Director, Office of Family Assistance (OFA) | Acting Director, Office of Community Services (OCS)

Clarence H. Carter is the former director of the Office of Family Assistance and the acting director of the Office of Community Services at HHS’ Administration for Children and Families during the Trump Administration.  Carter came from the Institute for the Improvement of the Human Condition, which he founded. At that organization, he worked with state and local safety net agencies to meet the emergency needs of socially and economically vulnerable citizens.

Carter served as the Director of the Arizona Department of Economic Security, in addition to other state, federal and local human services management positions.

During his service in the Bush Administration, he managed the Supplemental Nutrition Assistance Program (SNAP) and served as the Director of the Office of Community Services. As Commissioner of the Virginia Department of Social Services, his program was instrumental in growing the capacity of its citizens. In his first five years, more than 25,000 public assistance recipients obtained gainful employment, earning in excess of $200 million.
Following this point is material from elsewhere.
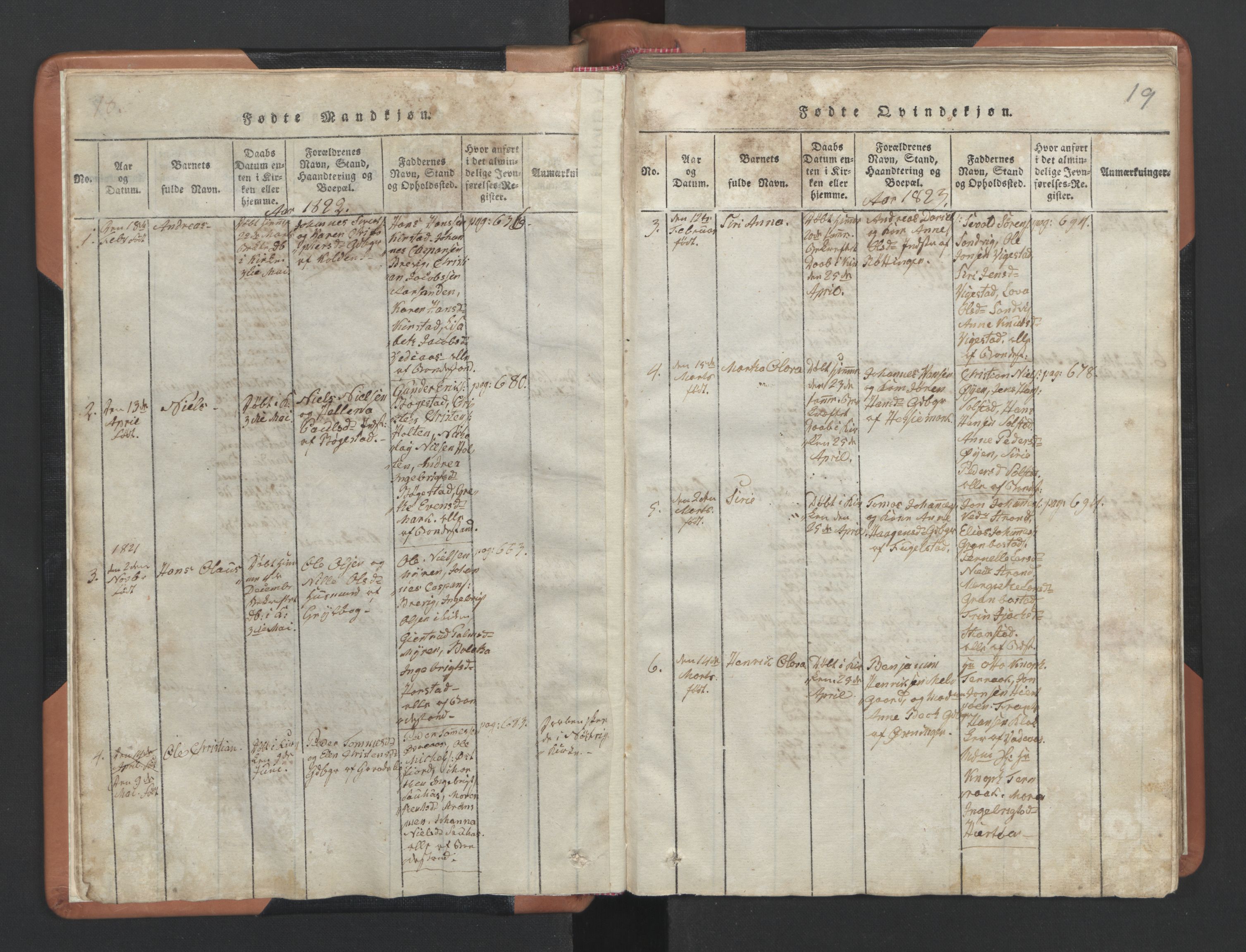 Ministerialprotokoller, klokkerbøker og fødselsregistre - Nordland, SAT/A-1459/810/L0157: Parish register (copy) no. 810C01, 1819-1842, p. 18-19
During his tenure, Virginia’s public assistance rolls were reduced by more than half, from an all-time high of 74,000 families to a 30-year low of 31,000.

On the local level, while serving as the Director of the Washington, D.C., Department of Human Services, Carter led the design and operation of an initiative to house more than 1,000 homeless residents. It was this effort that transformed the District’s shelter-based homeless system to one based in permanent supportive housing as the primary mechanism to reduce homelessness.